Stefan Wolfsheimer

Reliability and significance of local sequence alignments

lundi 18 mai 2009, 14h00 - 15h00

Salle de réunion, espace Turing

Pairwise sequence alignment is a tool in bioinformatics to quantify the similarity of two biological sequences (DNA, proteins or RNA) and to find related segments. Most database search tools, such as BLAST, rely on score based alignment where the alignment is obtained by maximizing an integer valued objective function. However, in some cases, the « true » alignment is not the optimum and one is interested in alternative alignments. I present the model of Miyazawa that allows one to directly translate a score based objective function into a probabilistic model. It employs only one additional temperature-like parameter that controls the importance of the optimum versus the entropy. The model allows us to draw suboptimal alignments from a Boltzmann distribution and, furthermore, to assess the reliability of the optimum. We studied the so called linear-logarithmic phase transition for protein alignment within the Miyazawa model. The locii of the boundary between the two phases is essential for the choice of scoring parameters and the « temperature » in order to discriminate better between unrelated and related pairs of protein sequences. By finite-size scaling analysis adopted from statistical mechanics and percolation theory we determined critical values and properties of critical fluctuations.

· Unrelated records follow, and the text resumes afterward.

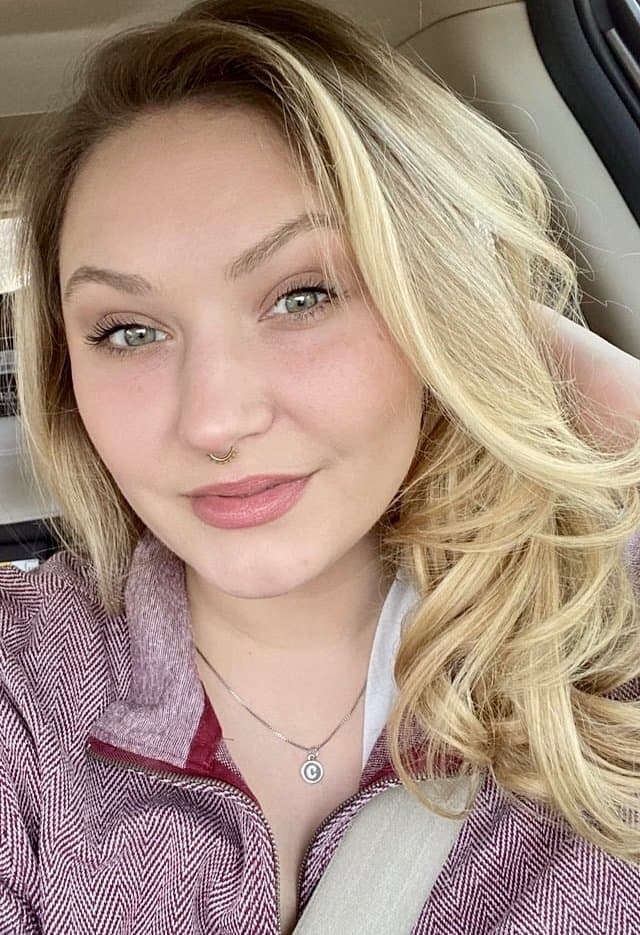 Fat Tits & Giant Ass On Curvy Slut Wife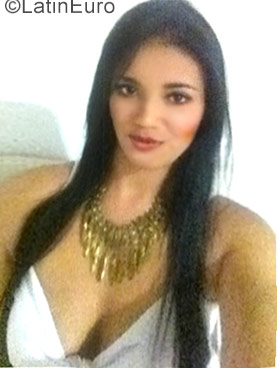 Date this nice looking Colombia girl Ana maria from Medellin CO22024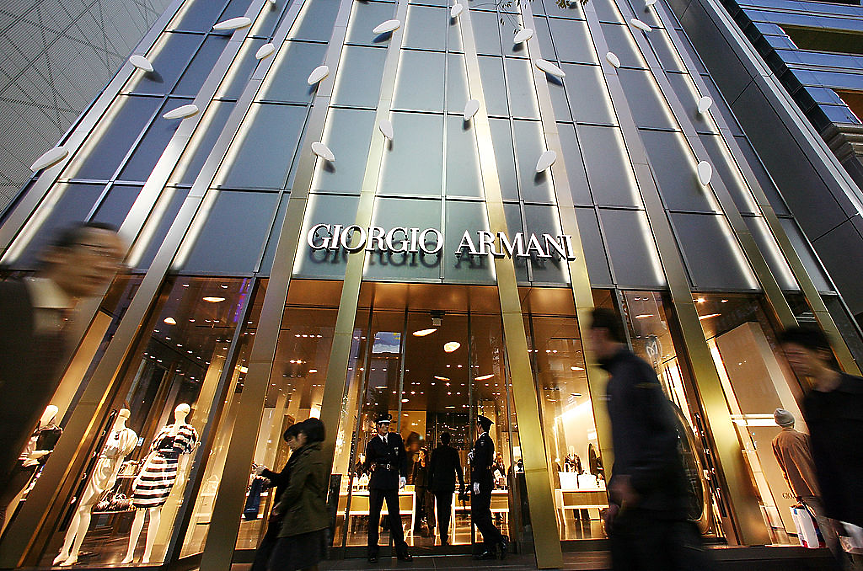 Armani търси инвеститор: LVMH, L’Oréal и EssilorLuxottica влизат в надпреварата за дял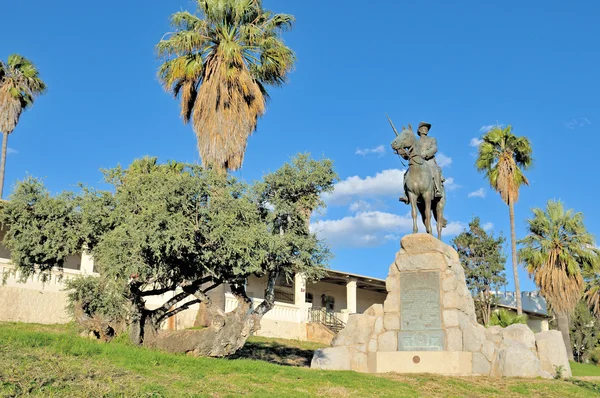 Equestrian rider monument and Alte Feste in Windhoek — Stock Photo, Image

In the second part, I discuss importance sampling methods to assess the statistical significance of observed optimal scores, in particular the significance of very large scores of two related sequences. The empirical results suggest that the asymptotic Karlin-Altschul theory breaks down in the very far right tail of the optimal local score distribution over random sequences. The accurate test statistics is in fact less conservative than the classical one. The discrepancy of the tail distributions reflects another aspect of the linear-logarithmic phases transition.